PROBLEM DETAILS. With the pictures omitted, write out the entries that follow exactly as they stand.

>>>

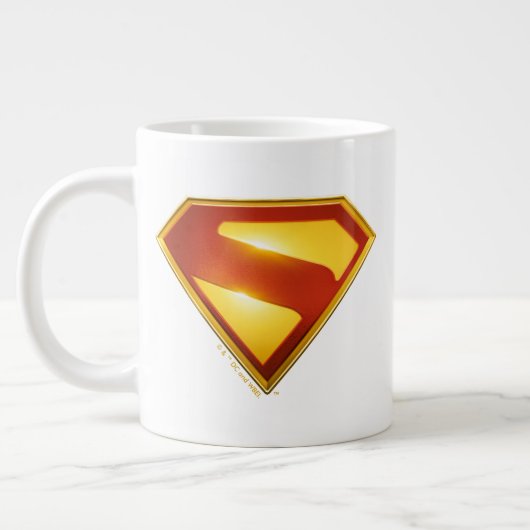 Superman Golden S Shield Brilliance Grote Koffiekop (Links)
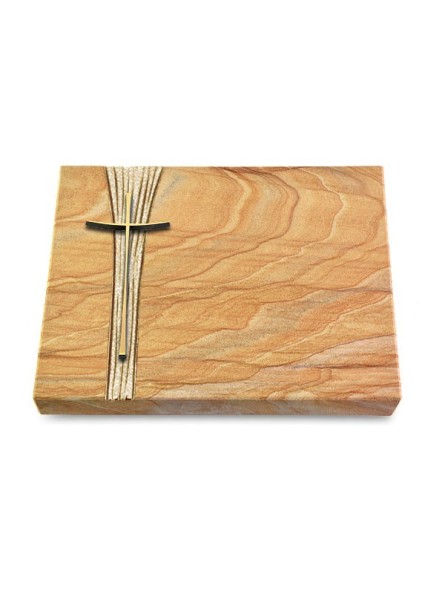 Grabtafel Rainbow Strikt Kreuz 2 (Bronze)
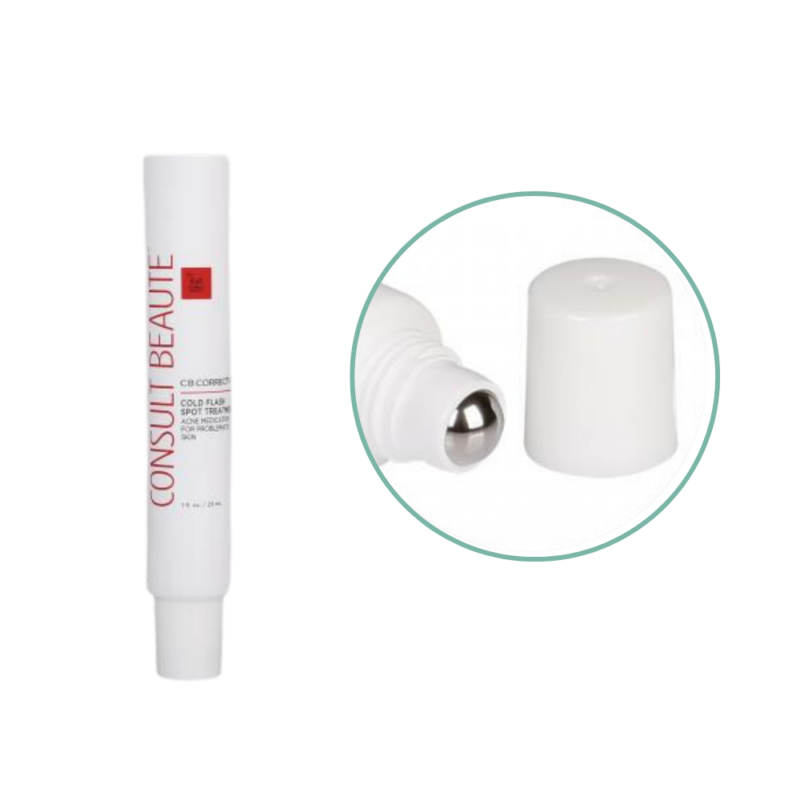 metal roller ball, custom cosmetic tube, stainless steel roller ball, twist cap, squeeze tube for skincare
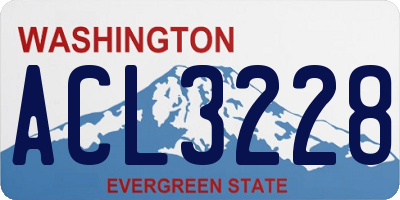 WA license plate ACL3228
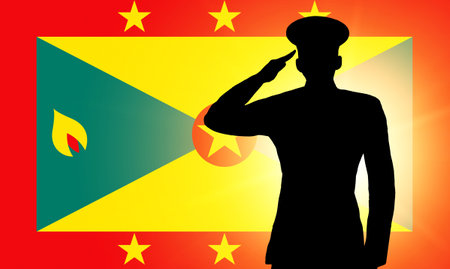 The Grenada flag
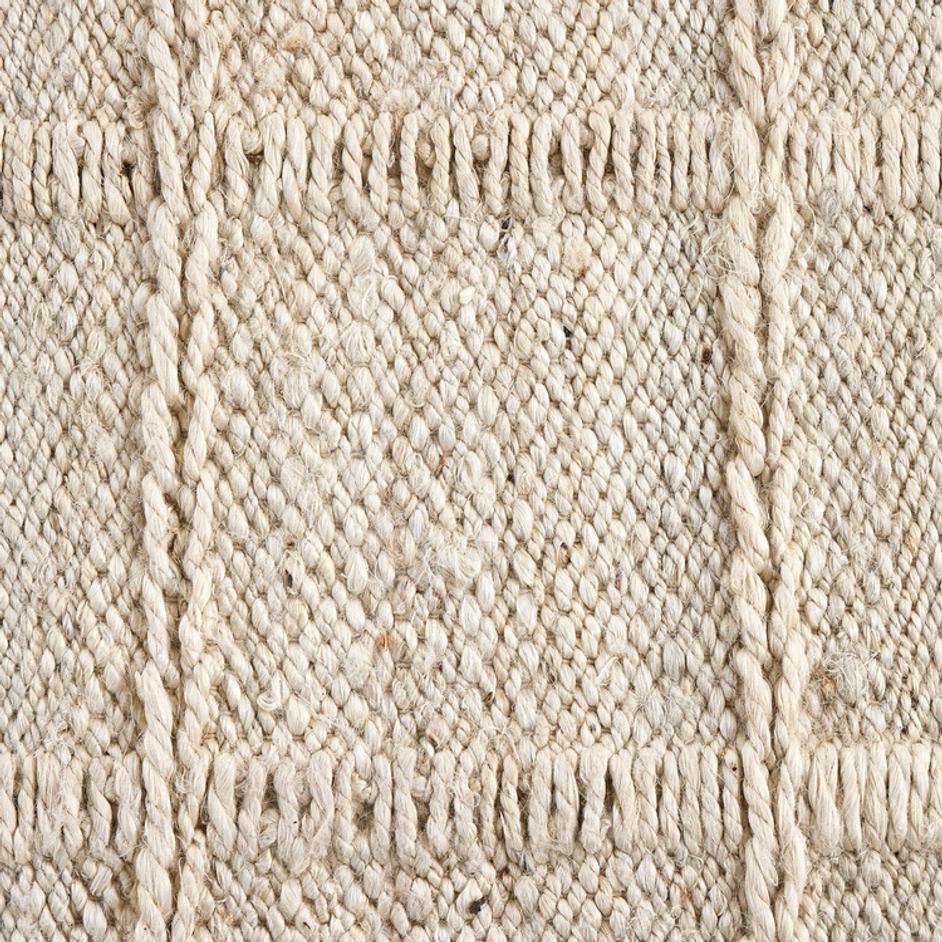Grid Jute Rug In Bleached Grid Jute And 9'x12' by Four Hands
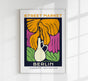 Berlin Street Market White Vase Graphic Art Poster – Fine Art Print A3–A0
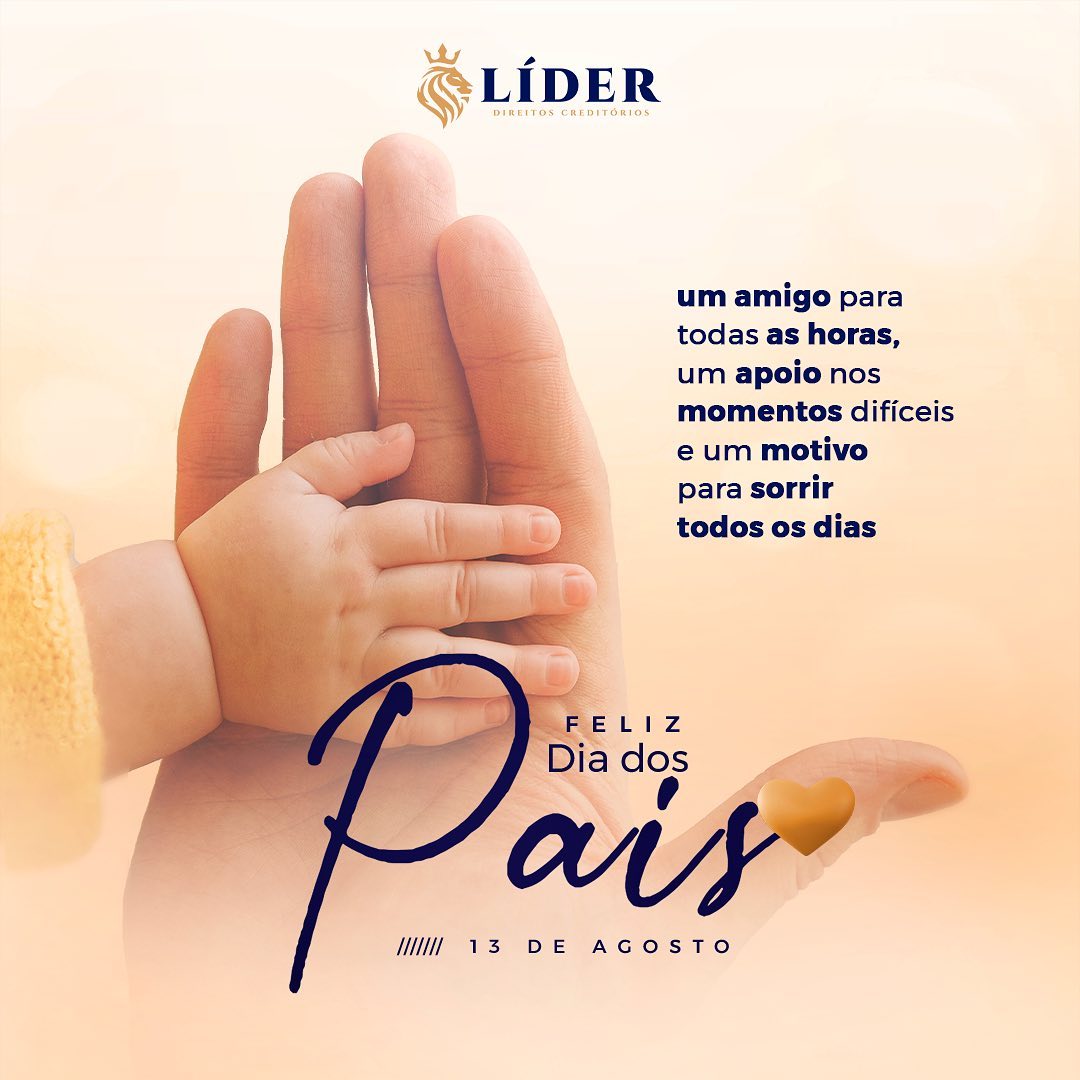 Que o seu dia seja abençoado e repleto de momentos especiais ao lado daqueles que você mais ama. Feliz Dia dos Pais! 💙
#liderprecatorios #diadospais #amor #familia #precatorios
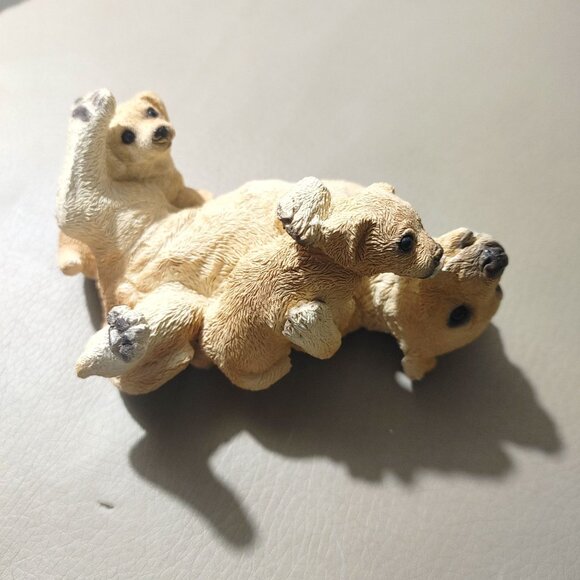 Yellow Labrador Stone Critters Dog Figurine Playful Puppies Resin Collectible - Picture 7 of 10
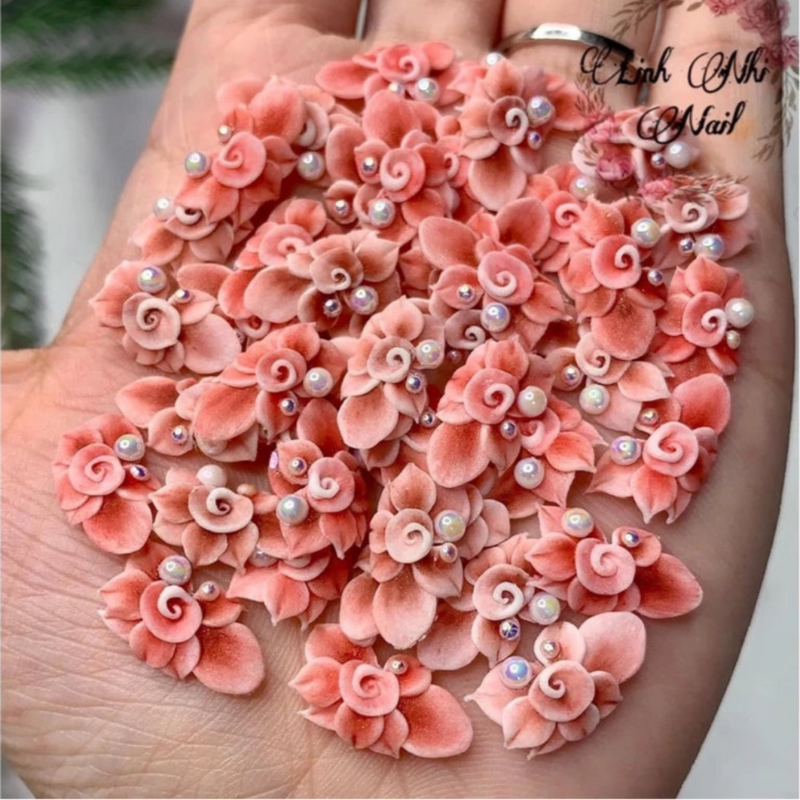Hoa Bột Nail - Hoa Xoáy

<<<

SOLUTION.
 Superman Golden S Shield Brilliance Grote Koffiekop (Links)
 Grabtafel Rainbow Strikt Kreuz 2 (Bronze)
 metal roller ball, custom cosmetic tube, stainless steel roller ball, twist cap, squeeze tube for skincare
 WA license plate ACL3228
 The Grenada flag
Grid Jute Rug In Bleached Grid Jute And 9'x12' by Four Hands
 Berlin Street Market White Vase Graphic Art Poster – Fine Art Print A3–A0
 Que o seu dia seja abençoado e repleto de momentos especiais ao lado daqueles que você mais ama. Feliz Dia dos Pais! 💙
#liderprecatorios #diadospais #amor #familia #precatorios
 Yellow Labrador Stone Critters Dog Figurine Playful Puppies Resin Collectible - Picture 7 of 10
Hoa Bột Nail - Hoa Xoáy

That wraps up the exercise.